Hoje fala-se muito em reformas. De que tipo de reformas precisamos?
Precisamos de uma reflexão sobre a estrutura, não apenas do Estado, mas da organização territorial e das políticas públicas mais reprodutivas de todas: a Educação e a Saúde, que são as que criam efectivamente riqueza. A organização do trabalho que vai ter impacto na Segurança Social – o aumento da idade da reforma atrasa a entrada de jovens no mercado de trabalho, o que tem impacto na produtividade, porque os jovens são mais tecnológicos, por exemplo. E a redução do tempo de trabalho com equivalente redução de salário pode não só gerar mais emprego, como promover a natalidade. A economia social. Não é claro que vamos ter mais dinheiro, mas podemos ter uma sociedade mais equilibrada. As reformas têm de abranger as dimensões da sociedade civil, não vale a pena falar de reformas em abstracto.
Um governo de minoria pode fazer verdadeiras reformas?
Algumas delas precisam de uma legitimação mais reforçada. O problema é que os partidos socialistas estão numa situação deplorável, porque estão a perder as eleições todas na Europa. A solução é o centro, mas aquilo a que estamos a assistir não é saudável, porque a social-democracia está a desaparecer.
A verdade é que os partidos socialistas não estão a conseguir formar governos ao centro, têm de procurar apoios à esquerda ou mais à direita…
Por isso os novos movimentos falam em democracia somativa, aquela em que movimentos que não aceitavam formar ou apoiar governos agora o fazem.
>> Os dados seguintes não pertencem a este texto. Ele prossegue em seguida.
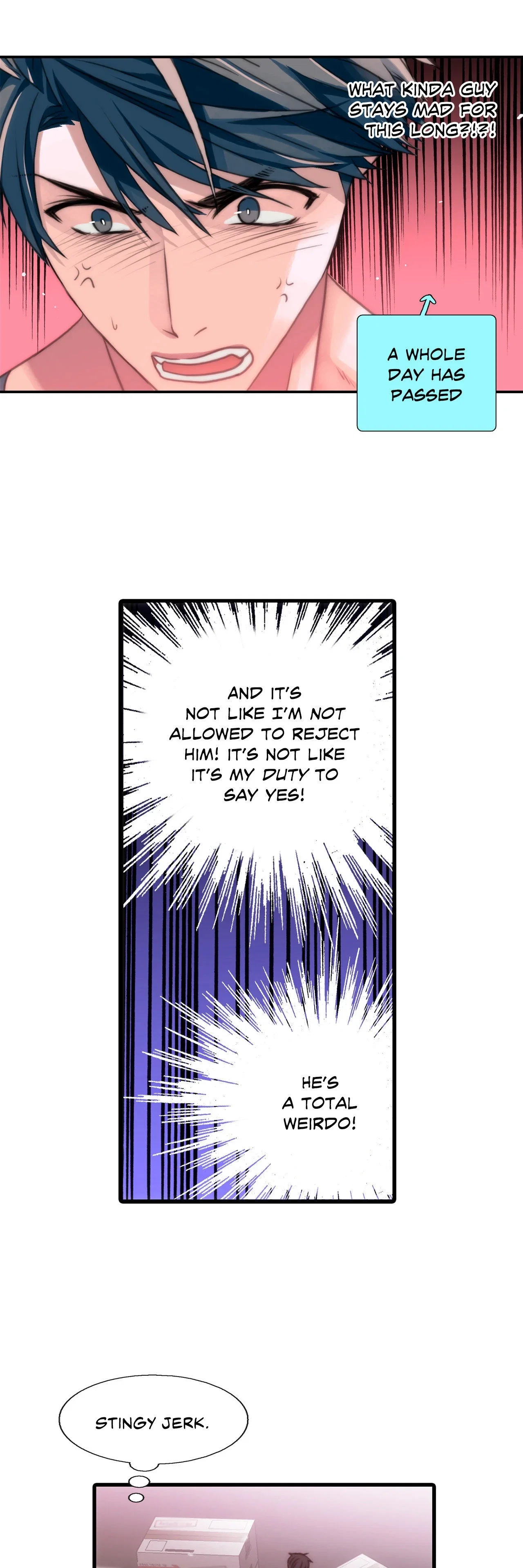 Love Shuttle Chapter 16 - Page 20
É o que se chama "a terceira modernidade". Falamos em movimentos já com alguma articulação e muita competência – veja-se o Bloco de Esquerda, que fez uma campanha eleitoral muito boa. Chegaram à conclusão de que a política tem positividade e com positividade tem de ser exercida. Não é com dialéctica e negatividade. Não chega dizer que não é a nossa política, não queremos entrar. E eles só agora se deram conta disso.